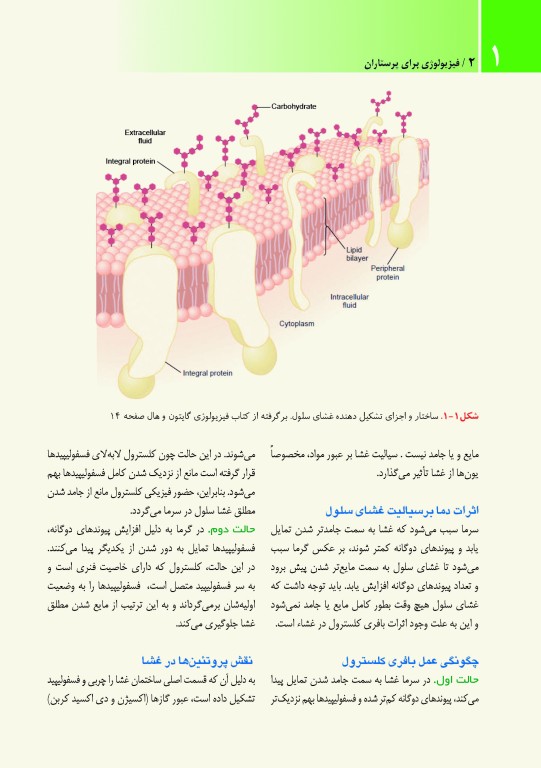 فیزیولوژی برای پرستاران دکتر فرناز نیکبخت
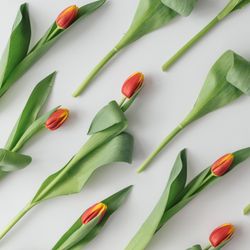 Tulips on light background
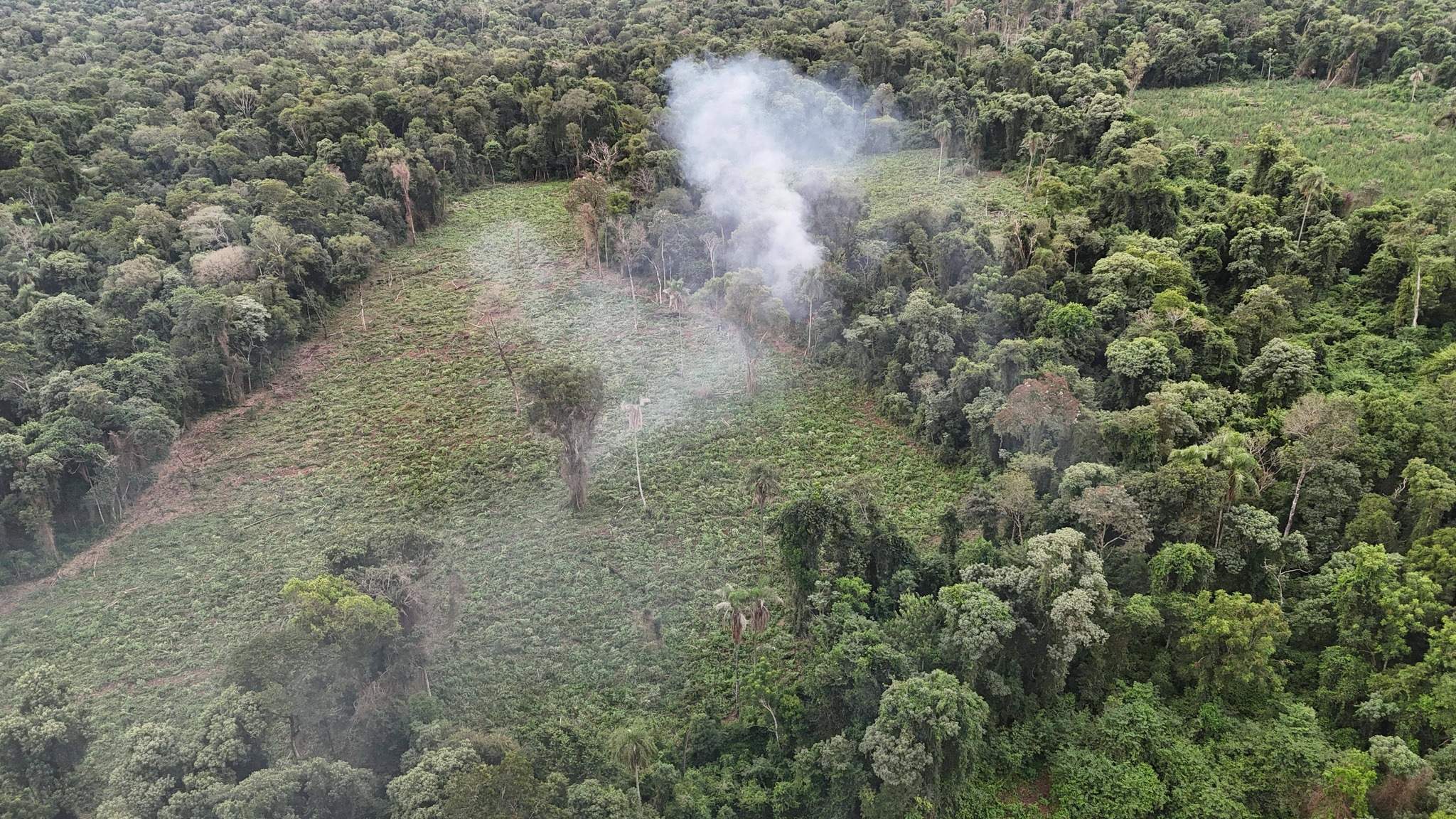 Otra intervención en el mismo establecimiento: vuelven a destruir cultivo de marihuana en Ñacunday Otra intervención en el mismo establecimiento: vuelven a destruir cultivo de marihuana en Ñacunday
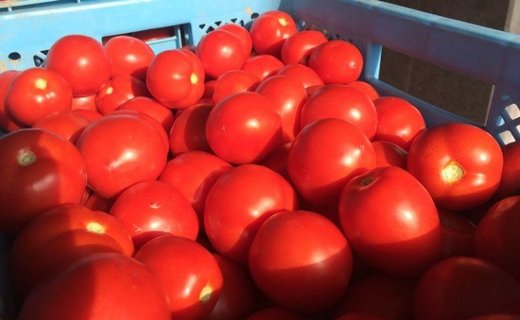 〔定期便〕完熟トマトジュース（加塩）190g×90缶×4回配送（3ヵ月毎）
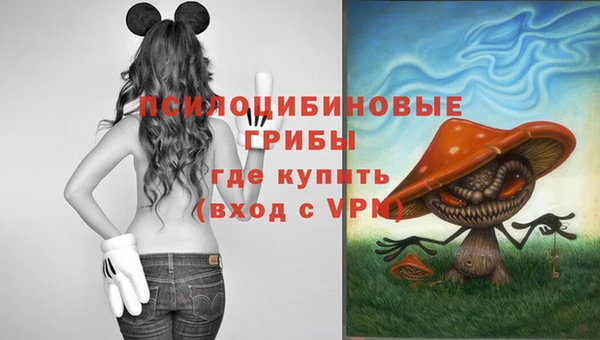 прущие крисы Лабытнанги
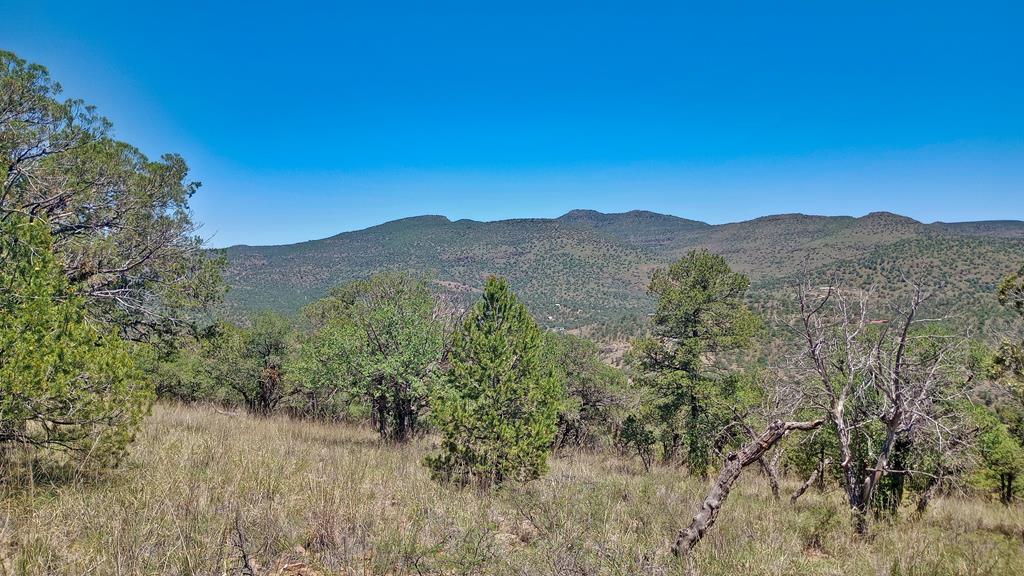 102 Apache Mountain Trail, Fort Davis, Texas image 1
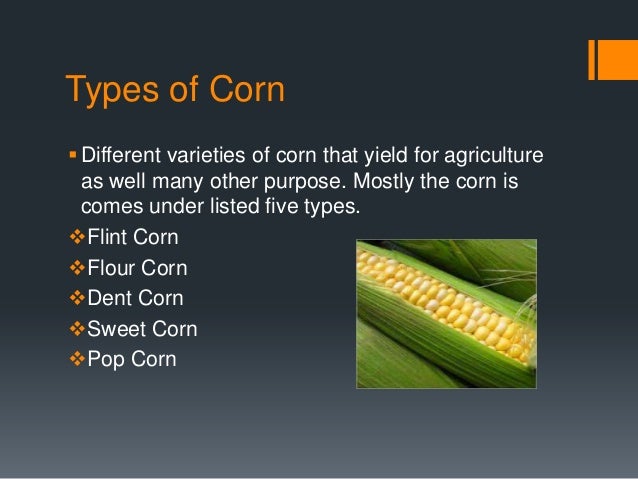 Listing Out Different Types Of Corn Cornmeal, cornstarch, corn flour, they're all made from that incredibly versatile and internationally esteemed new world grain called corn in the united states and maize, from the caribbean taino indian word rnahiz, almost everywhere else. listing out different types of corn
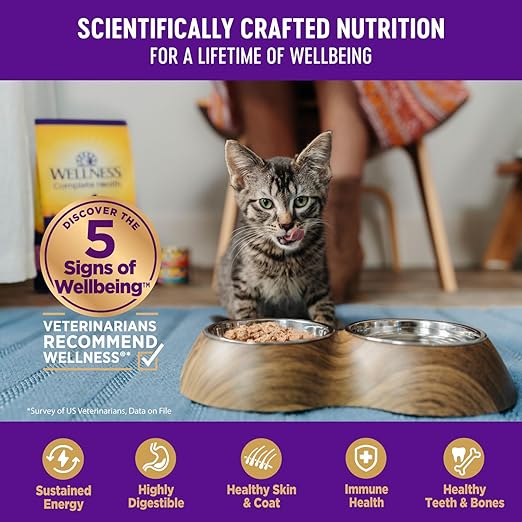 Wellness Complete Health Grain-Free Chicken Entrée Wet Kitten Food - Natural Ingredients with Real Chicken, Brain Development DHA, Essential Fatty Acids and Eye Health Taurine, 3oz Cans (24 Pack)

_ASSIGNED TASK_: Would you set down each line of the data exactly, with no images included?

_PROBLEM SOLUTION_:
 فیزیولوژی برای پرستاران دکتر فرناز نیکبخت
 Tulips on light background
 Otra intervención en el mismo establecimiento: vuelven a destruir cultivo de marihuana en Ñacunday Otra intervención en el mismo establecimiento: vuelven a destruir cultivo de marihuana en Ñacunday
 〔定期便〕完熟トマトジュース（加塩）190g×90缶×4回配送（3ヵ月毎）
 прущие крисы Лабытнанги
 102 Apache Mountain Trail, Fort Davis, Texas image 1
 Listing Out Different Types Of Corn Cornmeal, cornstarch, corn flour, they're all made from that incredibly versatile and internationally esteemed new world grain called corn in the united states and maize, from the caribbean taino indian word rnahiz, almost everywhere else. listing out different types of corn
 Wellness Complete Health Grain-Free Chicken Entrée Wet Kitten Food - Natural Ingredients with Real Chicken, Brain Development DHA, Essential Fatty Acids and Eye Health Taurine, 3oz Cans (24 Pack)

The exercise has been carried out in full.